Numbers are single-run, rounded; two back-to-back runs varied by ~10%.

Parquet codec A/B

Same dataset (100k samples), run with --parquet-compression "zstd,snappy,gzip,none":

codec samples/sec bytes/sample vs. none (size)
zstd ~73,000 44.0 3.3× smaller
snappy ~81,000 52.7 2.75× smaller
gzip ~66,000 47.0 3.1× smaller
none ~81,000 145.1 baseline

Why zstd is the default codec for ParquetSink:

  • zstd files are ~16% smaller than snappy's (44.0 vs 52.7 bytes/sample). At acquisition durations of weeks / months the size gap dominates.
  • snappy is ~10% faster on this tiny-row workload (81k vs 73k sps), but both codecs are ~800× above a typical Alicat acquisition rate (100 Hz aggregate across 10 devices). Throughput isn't the binding constraint.
  • gzip is strictly worse than snappy on both axes here — no reason to pick it as a default.

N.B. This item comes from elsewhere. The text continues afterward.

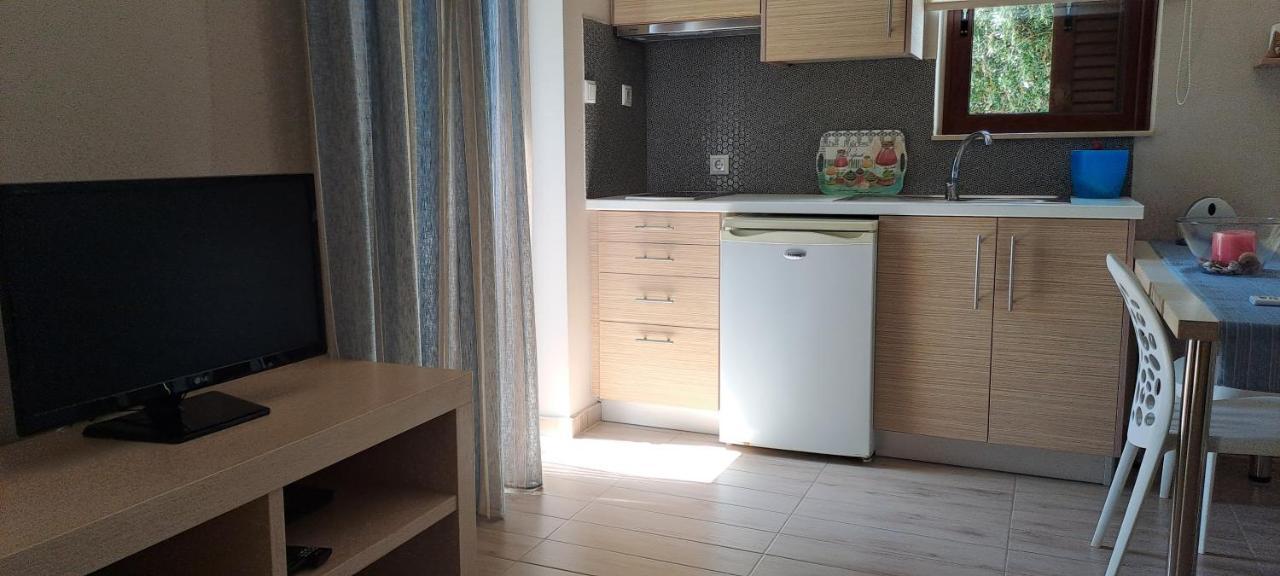 Viena Rooms & Apartments Παλαιοχώρα Εξωτερικό φωτογραφία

Callers who are genuinely throughput-limited can pass compression="snappy" to ParquetSink and trade 16% of the size win for 10% more samples/sec.

Interpretation

  • CSV is the throughput ceiling for text sinks; JSONL pays a per-row JSON format tax but costs the same in samples/sec here because the bottleneck is the flattener, not the emitter.
  • SQLite (WAL + synchronous=NORMAL + one transaction per batch) sits between JSONL and Parquet for throughput, stores structured data, and supports random-access queries. It's the recommended stdlib database choice.
  • Parquet (zstd) trades a small throughput cost for a ~3.3× reduction in on-disk size — a good default for long-horizon acquisition.

The Postgres row is intentionally absent from this table — it requires a running server, and the raw number depends on network latency and server tuning more than on the sink itself. Capture Postgres numbers in-environment when running acceptance tests against production infrastructure.

Maintenance notes

  • Current transport timeouts are 500 ms single-line / 1 s multiline (see AlicatConfig). If the p50 here ever creeps within 2× of the timeout, bump the default.
  • Every anyserial minor version bump should be followed by a fresh run of this bench and a new row in the table above. The package is alpha (0.1.x) with an explicitly unstable API; we re-pin per minor and verify no regression shipped (design §11).